The Health Secretary, Jeremy Hunt, states the obvious rather than the contentious. Patients do not choose to fall ill on the basis of a five-day week. There is currently a meaningless row about how vulnerable a patient is who falls ill on a Friday night, but anyone who knows someone in such a position is aware that in most cases they must lie there with fingers crossed until the following Monday.

Hunt is speaking for all of us in seeking to establish reliable provision seven days a week. In regarding Saturday as a working day he is not a freak, but aware of the changing patterns of work. He could have had an easier time doing what a series of Labour Health Secretaries did and accepting the doctors’ terms without posing too many questions. Instead he carries around with him a book by Eric Topol, The Patient Will See You Now, highlighting his determination to empower the patient.

For the current Labour leadership, the dispute should not be seen as a straightforward one in which it backs the strike. Does it oppose a seven-day NHS for patients needing operations on a Saturday and Sunday? The same applies to its support for Tube strikes over all-night trains. Is it against Tubes running for low-paid workers struggling to leave or arrive at work?

In the 1980s, Labour agonised over the miners’ strike when it should have focused more on what would happen to communities once pits had closed. On this the Thatcher government was incapable of acting because it did not believe in doing so. Both Norman Tebbit and Geoffrey Howe subsequently acknowledged the terrible error.
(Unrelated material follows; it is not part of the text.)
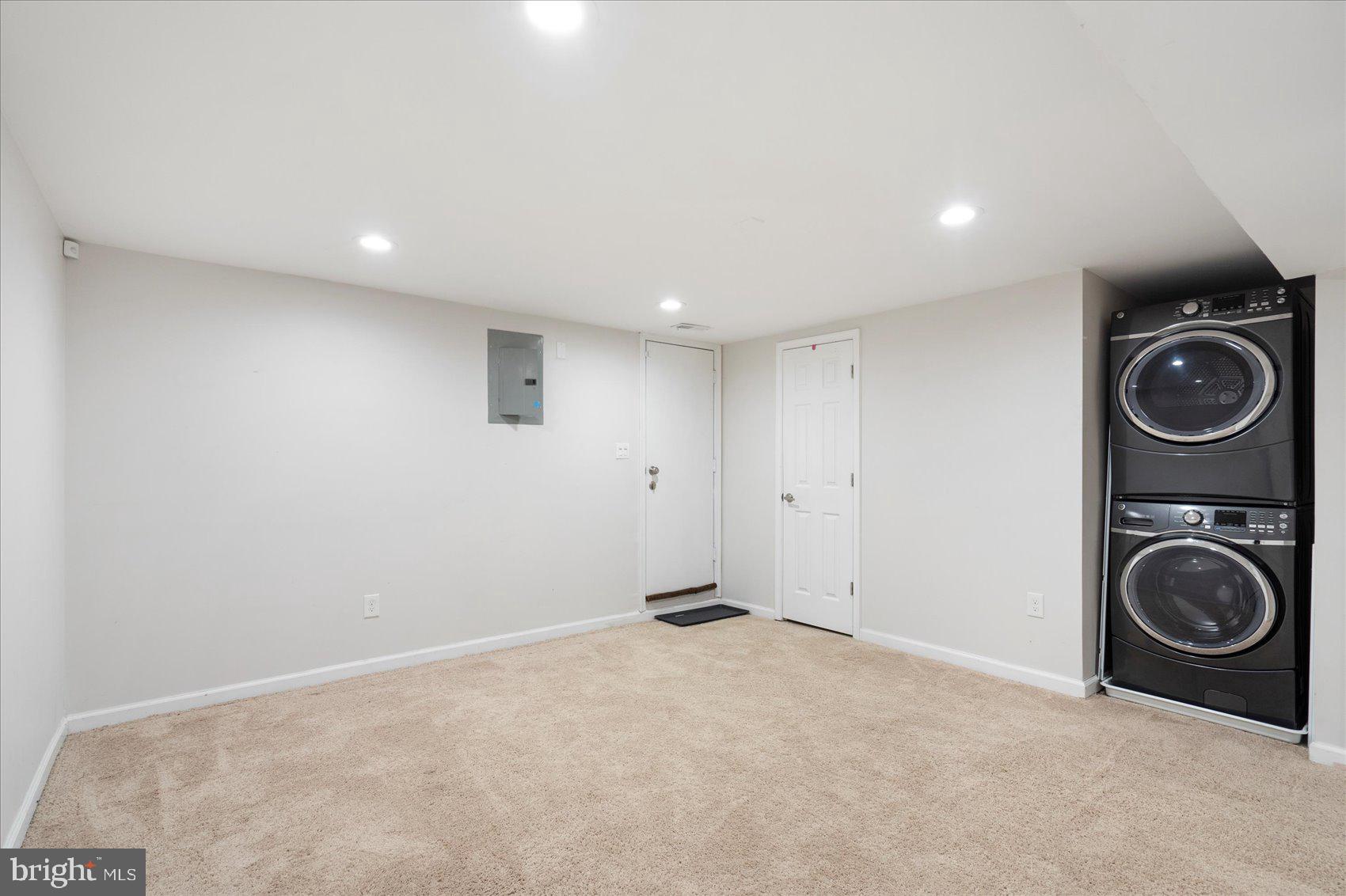 1103 E NORTHERN PARKWAY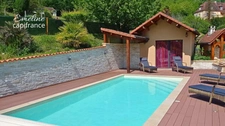 Propriété contemporaine avec piscine comprenant 3 logements indépendants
Communities rotted as it was left to non-existent market forces to revive them.

The Government is similarly in denial now about the need for a follow-up. It is right to seek a seven-day NHS but will not act on the implications. David Cameron made the pledge early in the election campaign without thinking it through in any detail. Now Hunt seeks to implement it without increasing already agreed cash limits and when the NHS’s chaotic structure leaves junior doctors feeling utterly powerless, under stifling layers of bureaucracy administered by managers more highly paid and less accountable.

The former Conservative Health Secretary, Stephen Dorrell, now chair of the NHS Confederation, gets the balance right. He calls for more spending and a system that brings together health and care. So does the Kings Fund, the think tank that has investigated forensically costs and structure in health and care. Why can’t we have a grown-up debate about the level of care we want and how we can pay for it? As I wrote recently in relation to the floods, the pre-election “tax and spend” debates are a right-wing fantasy land. But can we have one early in this parliament when the Conservatives and the media do not have to pretend that spending cuts, tax cuts and better services are possible as if by magic?
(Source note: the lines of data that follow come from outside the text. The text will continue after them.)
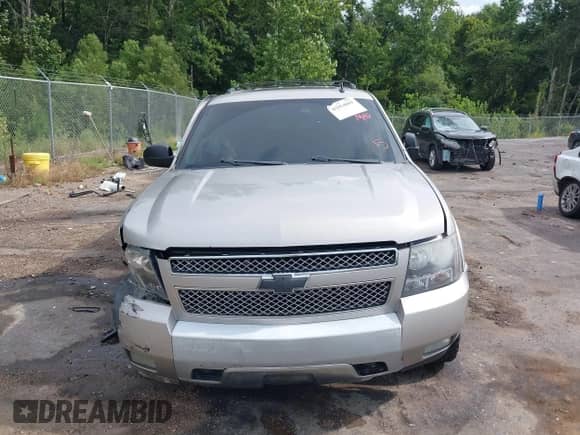 2008 Chevrolet Tahoe 1LT z VIN 1GNFK13098R192426, wystawiony jako IAAI lot #42854801 z przebiegiem 357 387 mil mil oraz . Historia ofert i sprzedaży dostępna na DreamBid. Obrazek 12.
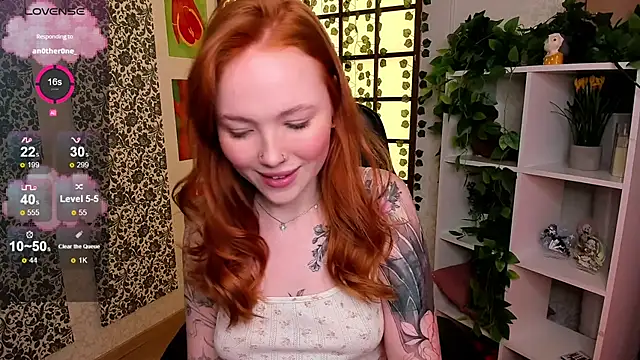 Snapshot of Maya_Light chatting on 03-13-25, 07:53 Maya Light online show from 03-13-25, 07:53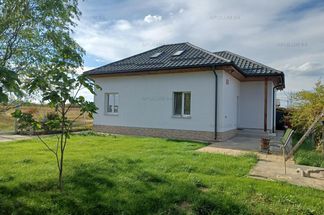 Casă 4 cam de vânzare Giurgiu - Sabareni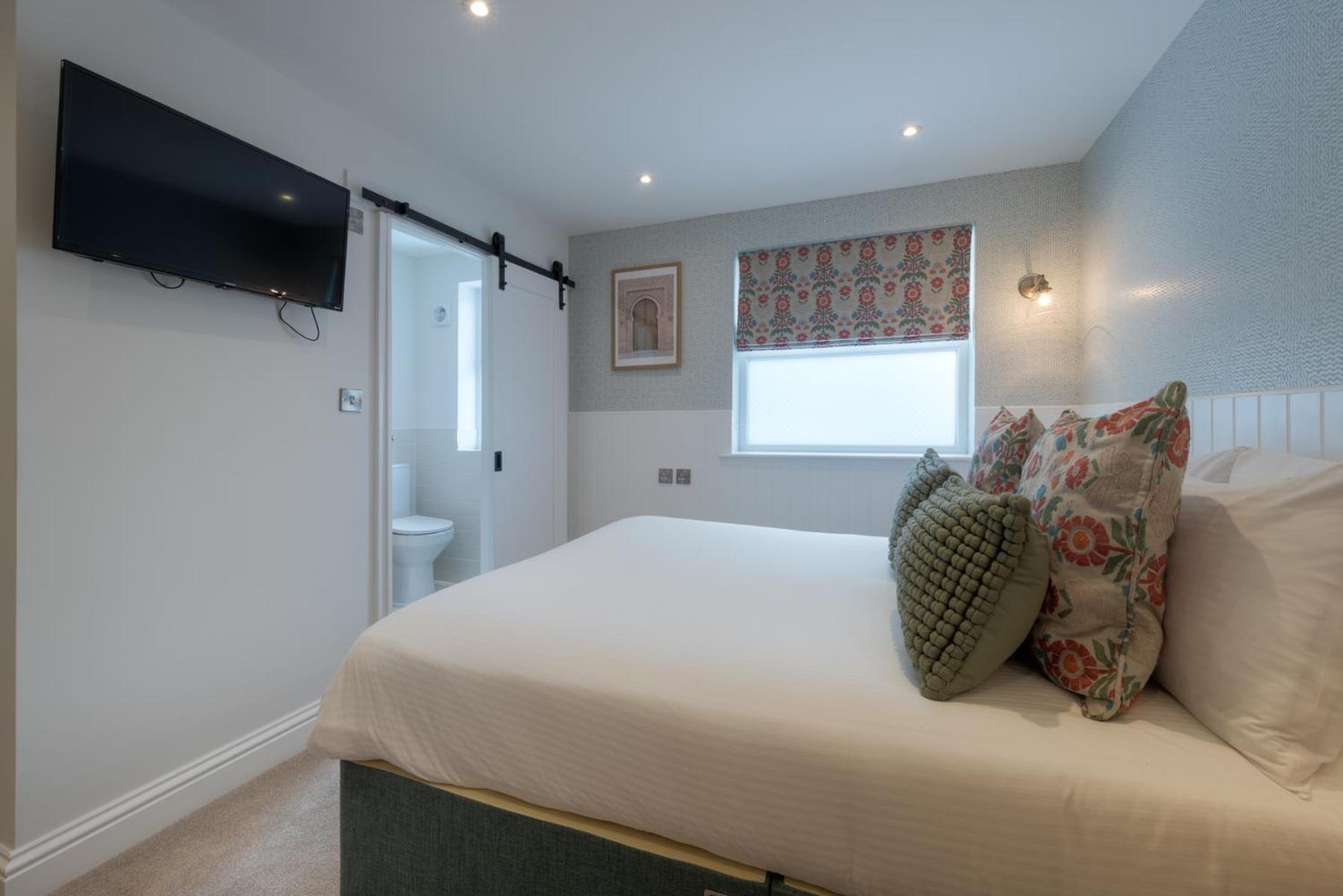 Executive King with Shower (Garden Annex)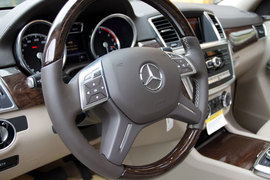 2013款奔驰GL35O柴油尊享型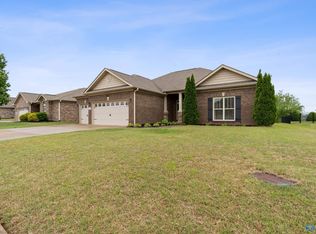 105 Brentstone Way, Meridianville, AL 35759
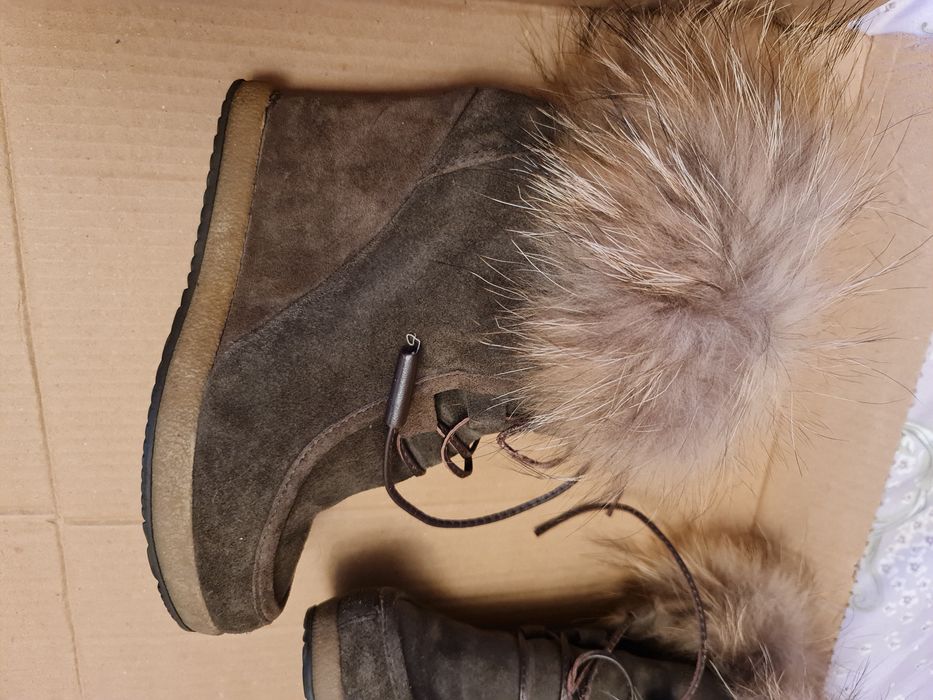 Ghete cu platforma si blana naturala Sasha Fabiani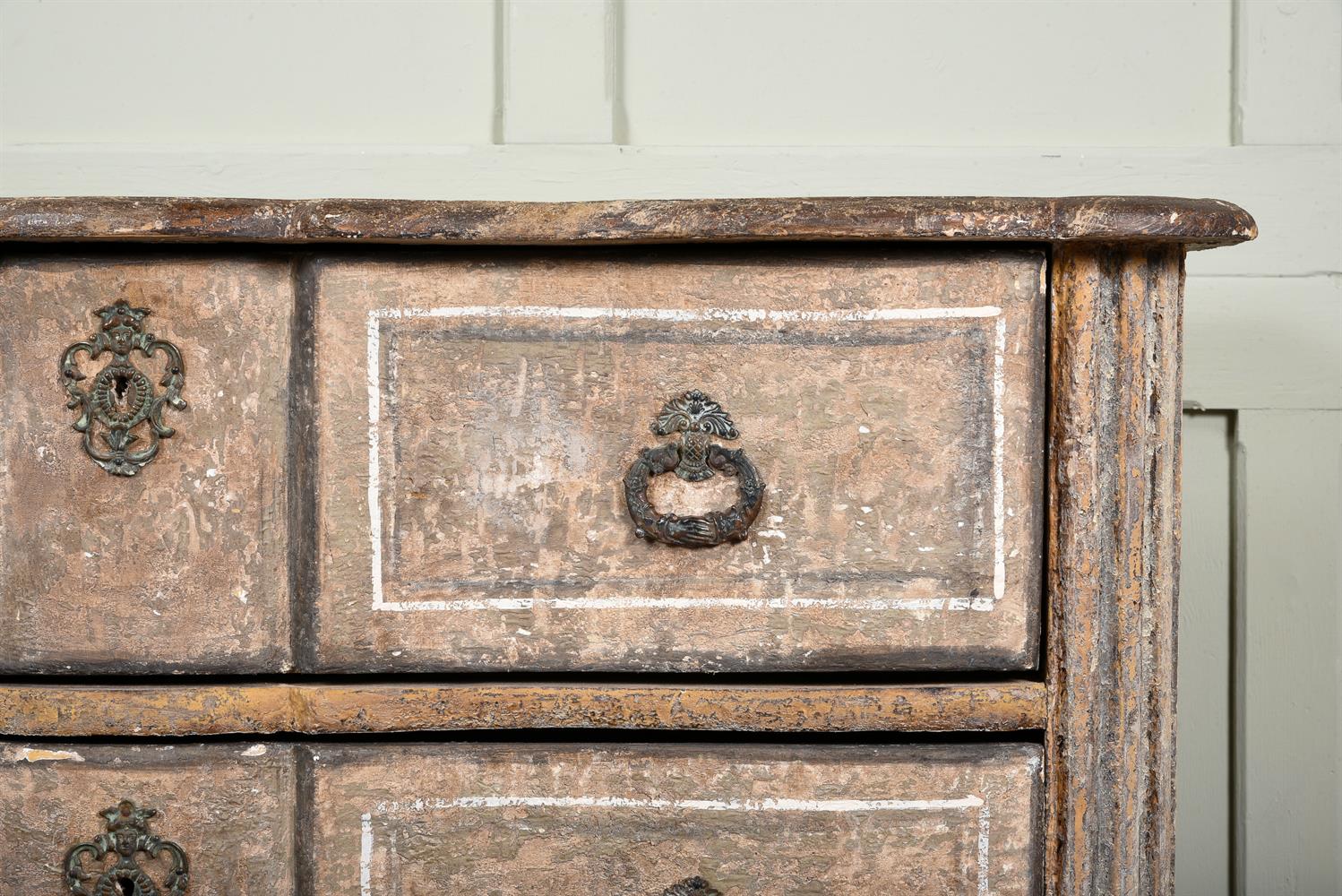 AN ITALIAN SCUMBLE PAINTED BOW SHAPED SERPENTINE COMMODE, 18TH CENTURY - Image 2 of 2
In terms of structure, there is some interesting thinking in government. George Osborne has tentatively devolved some responsibilities for healthcare and pledges to do more. Some more radical ministers wonder whether a solution is to devolve the entire health and care budgets to new local boards of council leaders and innovative managers from the NHS and social care. But after the chaotic upheaval in the last parliament they will wonder for many years.

The proposals for a seven-day NHS should be part of a debate about resources and structure. Even without that debate Hunt must prevail, breaking a barrier about working that is already broken elsewhere in the fast-changing world of work.

Meanwhile in Germany, France and other northern Europe countries, governments, voters, their newspapers and broadcasting outlets support spending on healthcare significantly higher than in the UK. As in the 1980s, both strikers and government here struggle to adapt. We are all losers.